En el caso ruso, no creo que todas las medidas de «contrapropaganda» estén surtiendo efecto. Comprobar los hechos puede ser intelectualmente tranquilizador, pero sabemos que no tiene ningún efecto sobre quienes se adhieren a lo que definimos como propaganda o fake-news. Del mismo modo, tratar de convencer a alguien que cree que la vacunación contra el Covid implanta un chip en su cuerpo de que se trata de una teoría conspirativa no tiene ningún efecto. Es asumir que hay soluciones cognitivas a cuestiones existenciales, donde dominan el afecto y la experiencia. Como explica Giuliano da Empoli en Los ingenieros del caos, lo que cuenta no es la veracidad de los hechos, sino el relato.
Lo mismo ocurre con la sociedad rusa: su «problema» no es que haya sido «zombificada» por la propaganda televisiva, como a menudo se afirma, porque las encuestas muestran que los rusos tienen aproximadamente el mismo índice de detección de noticias falsas que los europeos.
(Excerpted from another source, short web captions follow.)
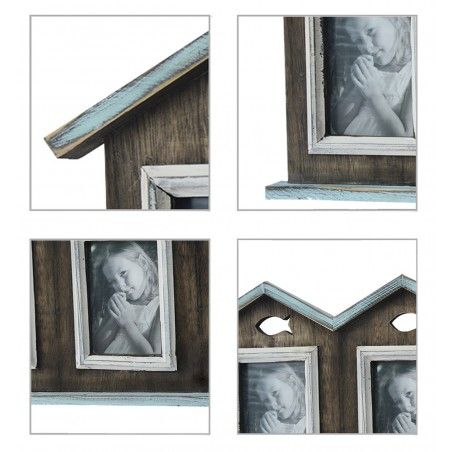 Photo frame/photo Holder, 10x15cm, Made in Wood, with touches of Blue and White. Stylish and Modern design - Home and More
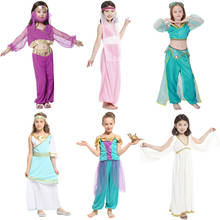 Umorden Kids Children Arabian Princess Costumes for Girls Princess Jasmine Cosplay Carnival New Year Halloween Party Dress Up 2024 - buy cheap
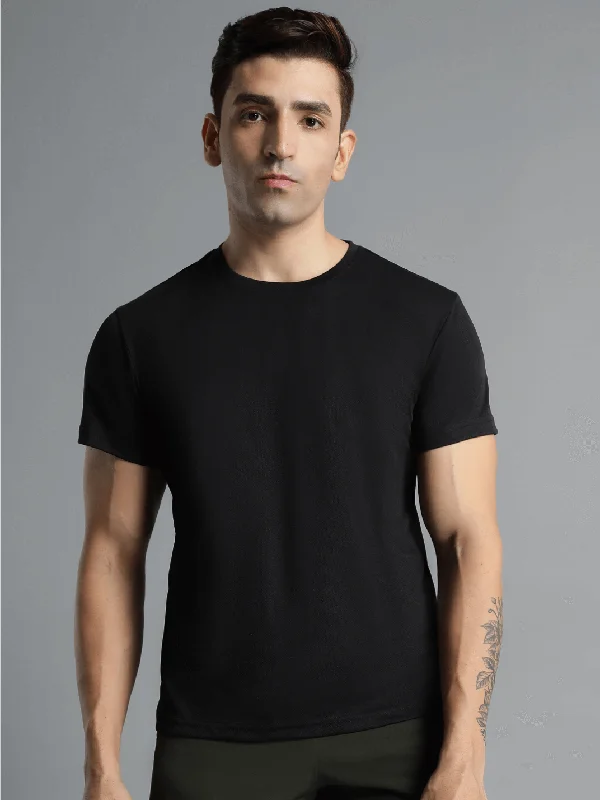 Fashionable In The Times Budoc Round Neck Half Sleeve Solid Regular fit Polyester T-shirt for Men Comfortable Breathable Fabric Stretchable for Everyday Use Ideal for Yoga Training Gym Running or Performance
Es porque el régimen ha cocreado con la sociedad una visión del mundo que se basa en el afecto, que resuena con la experiencia cotidiana de la gente, la profundidad social de su mundo. Por lo tanto, esta visión del mundo será difícil de deconstruir incluso una vez que la guerra haya terminado, y probablemente incluso una vez que Vladimir Putin haya dejado el poder. Porque hoy en Rusia, aparte de una oposición liberal muy minoritaria, incluso cuando la gente está descontenta con el régimen actual, no puede proyectar una alternativa: como mucho, espera un retorno a los años del «putinismo feliz», cuando la estabilidad política era sinónimo de mejora del nivel de vida y Occidente era ciertamente un competidor, pero no un enemigo.
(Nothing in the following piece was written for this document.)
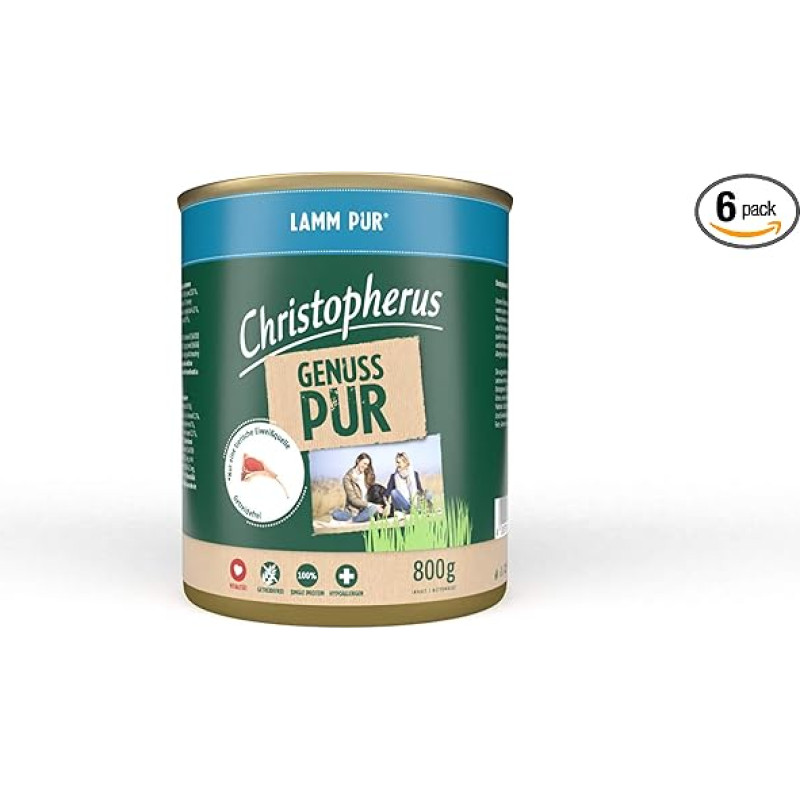 Christopherus PUR Lamb, visavertis ėdalas šunims, drėgnas maistas, 6 x 800 g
La resistencia, o más exactamente la resiliencia, de nuestras sociedades sólo puede consolidarse mediante un examen profundo de nuestras propias limitaciones y fracasos. Por supuesto, podemos luchar contra las operaciones de desinformación de vez en cuando, pero eso presupone ser capaces de eludir los mecanismos comerciales y tecnológicos que dominan el mundo de los medios de comunicación en general y las redes sociales y su lógica financiera en particular. Todo lo que deconstruye los lazos sociales que hacen que la gente quiera vivir junta se ha monetizado; me parece más importante intentar romper este ciclo que trabajar para hacer salir la «mano de Moscú» por todas partes.
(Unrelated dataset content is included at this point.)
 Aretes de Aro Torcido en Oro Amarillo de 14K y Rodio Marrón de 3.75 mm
Tenemos que trabajar por una identidad europea compartida y una política exterior y de defensa común. El hecho de que un número creciente de ciudadanos europeos y estadounidenses ya no se reconozcan en el modelo democrático liberal es la cuestión clave, y requiere un trabajo interno más que una obsesión por los desafíos que plantea el discurso ruso. Si tiene éxito, es porque hace eco de nuestras propias tensiones sociales y dudas políticas. Si queremos volver a hablar a todos los que están molestos —sobre la vacunación, el cambio climático, las instituciones representativas, el orden mundial— tenemos que reinventar un proyecto político global, que me parece el meollo de la cuestión, y la única solución a largo plazo.